Execute the program and it stops at line 22. Use mouse to double click sum. The data window appears. It is value is not initialized yet.  Please remember that C does not initialize variables. Your program has to initialize all variables.

 

Set another breakpoint at line 38. Select Program - Continue. The program asks for the file name. Enter data.

Select Program - Next twice.  The value of sum is initialized to zero.

 

Select Program - Next twice.  The value of sum is 37.

Select Program - Next twice.  The value of sum is zero again. This is the problem. This variable should be initialized but the initialization should be outside the while block.

      sum = 0;
      while (! feof(fhd)) // not the end of the file yet
        {
          fscanf(fhd, "%d", & elemValue);
          sum += elemValue;
Now, the program should print the sum of the elements in the data file.
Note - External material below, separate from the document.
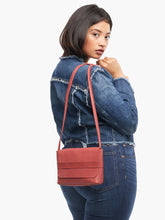 Load image into Gallery viewer, Mare Small Crossbody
DDD can help you visualize a linked list.

Why to Use Debugger?

Many students have only one way to debug: printf. After this exercise, you may feel that a debugger is not much better. That is because this exercise is meant to introduce the debugger and there are many more features.  First, you can make a conditional breakpoint, for example

              b 40 if (sum < 0)

stops the program at line 40 only if the value of sum is negative. This is very helpful because you do not have to insert printing code and compile the program. Another problem of using printf is to remove all the messages after debugging. Printing unnecessary messages can dramatically slow down your program.

You can also watch a variable. The program stops when this variable is changed.  This does not need any change in your program. Imagine how many printf you have to insert to watch the variable.  You will probably save many hours for ECE 264 assignments if you spend an hour reading DDD manual.
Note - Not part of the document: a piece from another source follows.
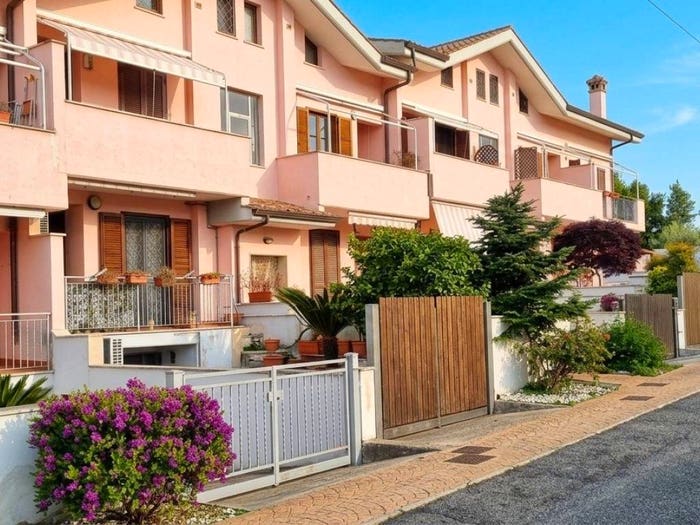 Appartamento trilocale in vendita in Viale Maggio, Castelluccia Fontana Sala, Marino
If you want to be a serious programmer, you need serious tools. You need to be familiar with a debugger.  Suppose you work in a software company and your manager asks you to debug a program. What would the manager think if you say, "Sure, I will insert printf in everywhere."?

What to Submit?

Submit your final, corrected program. It should be something like this file. Slight differences are possible.

FAQ

Q: From this exercise, a debugger doesn't seem very useful.

A: A debugger can do much more. You should spend an hour glancing the DDD manual. You will discover many features that can help you. A typical problem among many students is that they are unwilling to spend an hour or two learning a debugger. They would rather spend many more hours typing, modifying, and removing printf. If you want to save time, learn a debugger.

Q: A debugger is helpful if there are bugs. What can I do to prevent bugs?

A: Carefully think about your program before writing it. As your program becomes more complex, you should have a plan before typing. Also, write your program in a simple, easy-to-understand style. You can improve it later. If your program is hard to read, it is hard to debug.

Q: I want to improve the performance. Simple and easy-to-read programs are too slow.

A: Most programs spend most time in small portions of the code. Some people suggest a 90-10 rule: 90% time spent running on only 10% code. Skipping one statement here and there (such as initialization or checking return values) won't make any difference in performance.  To make a program faster, the best strategy is to adopt faster algorithms, not writing mysterious hard-to-understand hard-to-debug code.

Q: All right. I write simple code. What else can I do to prevent bugs?

A: Use libraries whenever possible. In this class, you learn the implementation of some basic data structures. When you develop large complex programs, you usually can use libraries. There are libraries for linked list and they handle memory management. Using the libraries can substantially improve the chance of correctness.  Do not fall into the NIH (not invented here) problem.

A: Another important way to prevent bugs is to follow certain programming styles. For example, memory allocation and release are usually symmetric.